Quant au reproche d’une multiplication inutile et exponentielle des cursus et des spécialisations, il ne tient pas davantage: nos sociétés évoluent à vitesse grandissante, requérant des savoir-faire nouveaux, des connaissances affinées, dans des métiers qui n’existaient pas encore il y a quelques années. Et même dans les professions les plus anciennes, qui travaille aujourd’hui exactement comme au XXe siècle?
C’est le contraire qui serait inquiétant: que notre système de formation supérieure, qui n’a cessé de démontrer sa pertinence, sa souplesse et son adaptabilité, reste figé dans le passé, alors que les défis posés ne serait-ce que par l’intelligence artificielle aux métiers à haute valeur ajoutée, qui sont la richesse de la Suisse, sont immenses.
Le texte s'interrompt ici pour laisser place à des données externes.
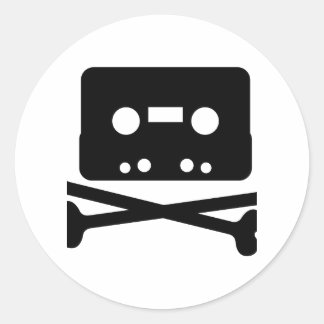 The Pirate Bay Tape Logo Ronde Sticker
Nous devons paradoxalement nous préoccuper d’un avenir où les étudiants pourraient venir à manquer. L’évolution démographique pourrait nous jouer des tours et accentuer encore les carences en personnes formées à des sciences et des savoirs indispensables à notre société, comme nous le vivons aujourd’hui dans les domaines de la santé et des soins infirmiers, de l’énergie ou des MINT (mathématiques, informatique, sciences naturelles et technologie).
Aller au-delà de l’utilitarisme ambiant
Ces domaines, du reste, ne sont pas que des formations directes pour des emplois spécifiques. Gardons-nous aussi de l’utilitarisme ambiant qui voudrait ne former que des titulaires de tel ou tel job… Les études sont d’abord formatrices de l’esprit, elles ouvrent le regard, la méthode, la curiosité. Elles valorisent la structure de la pensée, elles permettent à la société d’évoluer.
Cette dernière est touchée par les interventions technologiques qui modifient les rapports humains, certains domaines se complexifient. Et les besoins de compétences diverses, nouvelles, plus pointues, qui répondent à ces réalités, sont là.
L’apprentissage des savoirs et des savoir-faire tel qu’il se déploie en Suisse correspond à cette évolution. Ni plus, ni moins. Et l’imbrication de la «société réelle» avec le monde de la formation y est un atout précieux, sur lequel nous veillons avec attention. Il faut se réjouir des résultats de cette politique, tout en maintenant sa dynamique et sa créativité, parce que nous aurons besoin, demain plus qu’aujourd’hui encore, de diplômées et de diplômés. Dans tous les secteurs de notre société.